Task brief:
Starting with the line in which "Yellow lightning bolt" appears, give back every line exactly as written until the listing ends, excluding pictures.

Available data:
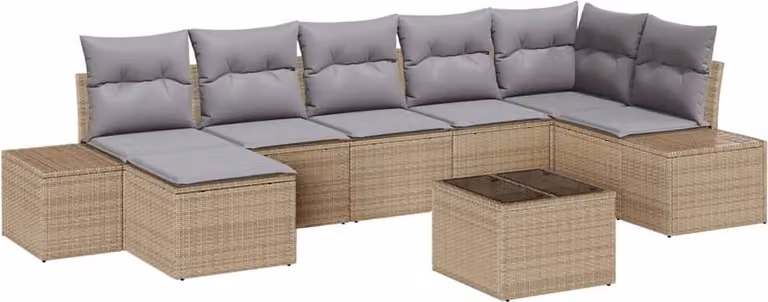 Set Divano da Giardino con cuscino 7 pcs Beige polyrattan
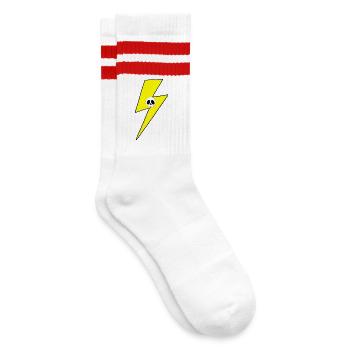 Yellow lightning bolt with white skull - Striped tennis socks - white/red - Right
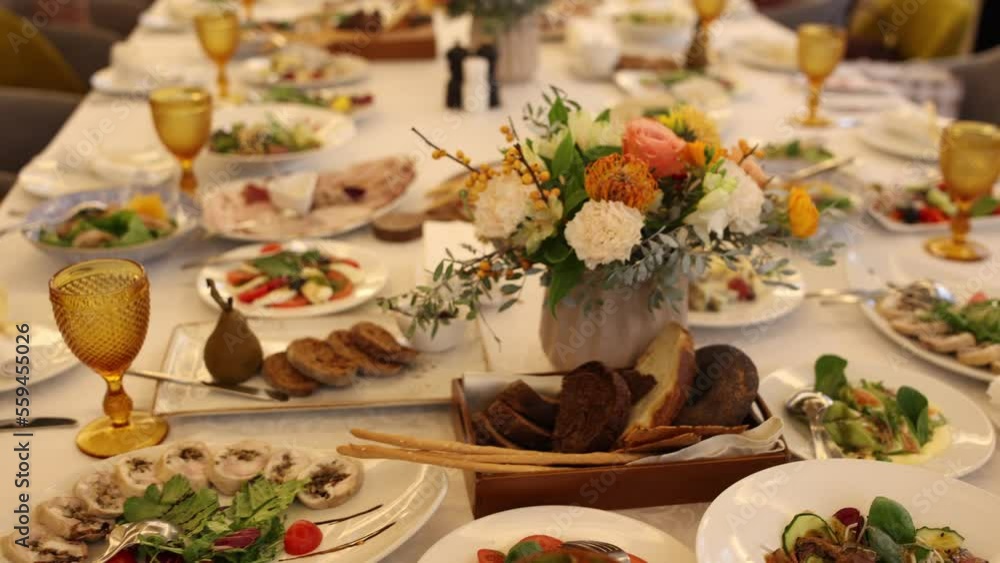 food and drinks on a festive table in a restaurant on a wedding birthday food and drinks on a festive table in a restaurant on a wedding birthday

Result of the task:
 Yellow lightning bolt with white skull - Striped tennis socks - white/red - Right
 food and drinks on a festive table in a restaurant on a wedding birthday food and drinks on a festive table in a restaurant on a wedding birthday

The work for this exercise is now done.